Economic strength in a country could be measured by macroeconomics variables. Inflation, interest rate, unemployment rate and GDP Deflator are some macroeconomics variables that show economic condition in Sri Lanka. The impact of macro-economic variables on share prices is uncontrollable. This study investigates the relationship between macroeconomic variables and stock prices in Sri Lankan stock market using yearly time series data for the period from 1990 to 2017. The Ordinary Least Square regression was carried out using four macroeconomic variables for stock prices. The results shows that the higher R Square value (72.4911) which justifies higher explanatory power of macroeconomic variables in explaining stock prices. Consistent with similar results of the developed as well as emerging market studies, interest rate and inflation rate and unemployment rate react mainly negatively to stock prices in the Colombo Stock Exchange. These findings hold practical implications for policy makers, stock market regulators, investors and stock market analysts.

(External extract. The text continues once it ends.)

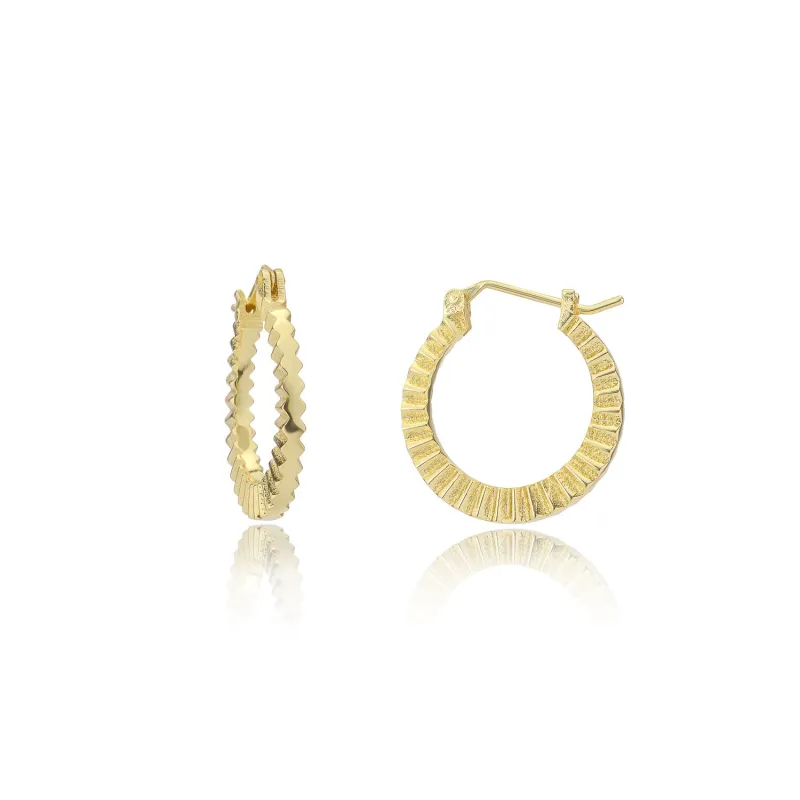 Kea Ridged Gold Hoops made by Azuni London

The prices of shares and other financial assets have constantly had a significant influence in the improvement and advancement of financial activities, and this has turned out to be clear ever. Macroeconomic factors show the prosperity of any economic system and determine the investment future. Macroeconomic factors influence pricing in any economy. Macroeconomic vulnerability influences stock and commodity market, which altogether decides price instability. The securities exchange is a basic stage in the money related arrangement of our nation as it assumes a major role in directing shortage area investment funds to the surplus part. The research examined the impact of certain macroeconomic factors (disposable revenues, interest rates, govt. policies, inflation and exchange rates) on the results of securities market performance in the National and Bombay stock exchanges. Thusly, the causal connection between the securities exchanges returns and chose macroeconomic factors in the NSE and BSE has been resolved in the investigation. The examination utilized the ADF, correlation, multiple regression and granger causality test for analyzing the association between the chose factors The study period was assessed by monthly data for 2006-2016. The findings showed that in the first difference the variables are stationary. There is a strong relationship exists between disposable income, government policies, the exchange rate and share price. This means that if these variables change, the stock prices of NSE and BSE will be affected. Furthermore, there is an unfavorable connection in the NSE and BSE between interest rate and inflation rate and share price, which means a shift in inflation and interest rate that will not have a strong impact on stock prices and will be in an adverse direction. In addition, a multiple regression that showed these variables was used to check the effect of selected macroeconomic factors on Indian stock prices. They have an influence on the NSE and BSE share prices.